When buying a new car, you might want to transfer your existing insurance policy, rather than setting up a new one; doing so can make it easier to retain no claims bonuses and other aspects of your old policy that you want to keep. However, the actual process of transferring your insurance to a new car can involve overcoming some complications. To this end, it’s worth checking the details of policies available through providers to make sure you’re getting the most out of moving your insurance.
There can be many reasons why you might want to transfer your insurance to a new car; you might just be upgrading your current vehicle, or you may be getting a second car that you want to make your main mode of transport. The process of moving your insurance over involves contacting your current insurance provider and informing them of your decision, and of what car you’ll now be driving. Depending on the make and model, and what kind of driving you’ll be doing, it’s likely that your premium will be affected.
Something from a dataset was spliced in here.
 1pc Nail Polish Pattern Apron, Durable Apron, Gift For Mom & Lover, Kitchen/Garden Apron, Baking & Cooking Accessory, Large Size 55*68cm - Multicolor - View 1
In most cases, your insurance provider will have a straightforward plan in place for you to move your policy; you’ll have to negotiate a revised quote based on a new car, and will also have to transfer your policy in a reasonable amount of time. The longer you leave transferring your insurance, the higher the risk of driving without insurance on your vehicle. Make sure that you give your insurance company plenty of notice before you finalise a new car purchase so you can avoid a gap between two policies.
It’s also worth exploring how you can transfer your no claims bonus; if you’ve built up a significant no claims discount, and then you’ll be able to switch it to the new car as part of your revised quote. However, you’re only able to hold a no claims discount on a single vehicle at a time, and in the name of one person. If moving your insurance to another provider, you’ll also need to be able to offer proof of your existing no claims bonus.
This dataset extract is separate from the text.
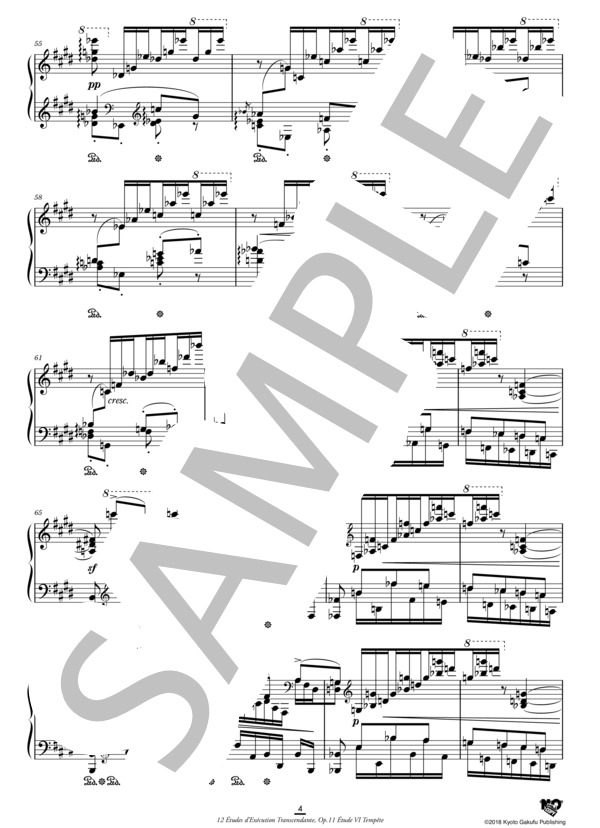 12の超絶技巧練習曲 作品11 第6番 嵐 (セルゲイ・リャプノフ) / ピアノソロ 中〜上級 - サンプル譜面 5/5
When switching to a new car, it can similarly be worth investigating gap insurance for specific situations; this insurance protects you against a shortfall, or depreciation, in the value of your old car if you need to replace it as the result of damage, theft, or being written off completely. The gap policy means that you can cover the difference between your settlement with another insurer and the original amount of money that you spent on a car; taking this approach can help you to avoid a struggle to face a debt on your finance.
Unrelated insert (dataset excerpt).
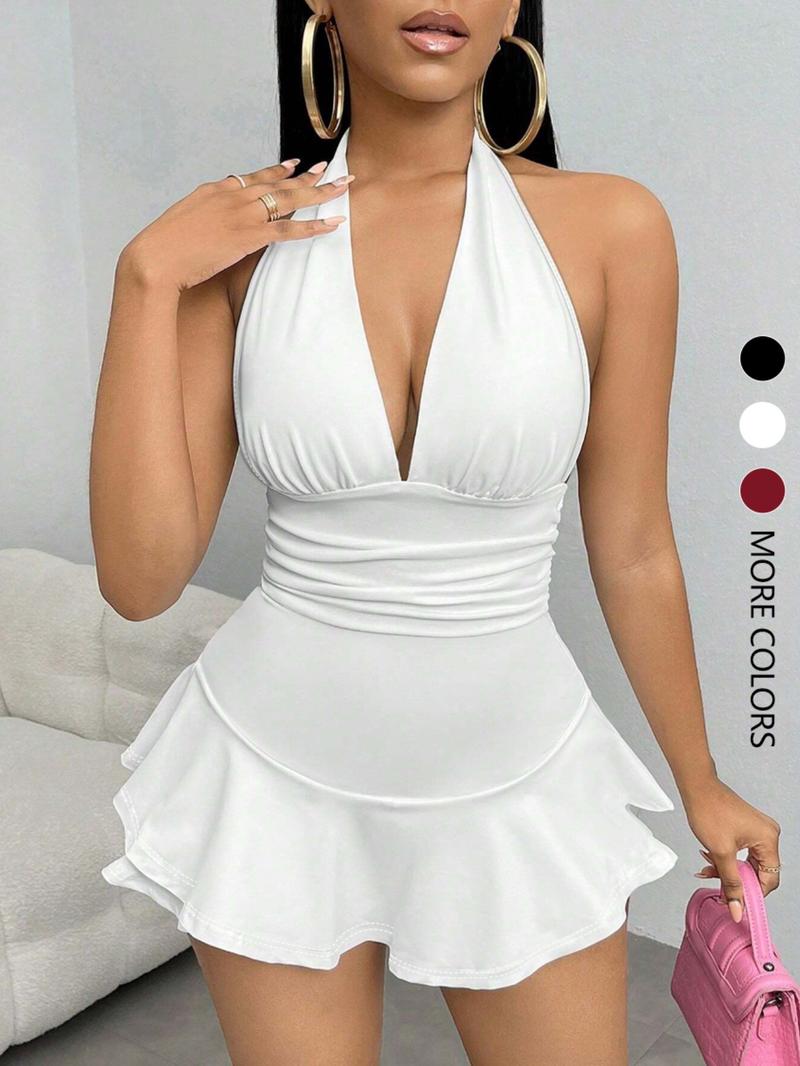 Women's Simple Solid Backless Halter One-Piece Romper, Ruffle Hem, Sleeveless, Casual Summer, Fashionable and Comfortable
It is possible, then, to transfer your existing insurance to a new car. However, you will need to be specific in terms of your new model and driving habits, and will have to accept a potential rise in your premium payments if the provider deems you to be at a higher risk than before you switched. Risk assessments can depend on changes on circumstances, which might include you taking on a faster car, or one that has a lower safety record. Make sure that you check with your insurer before you arrange to move your policy.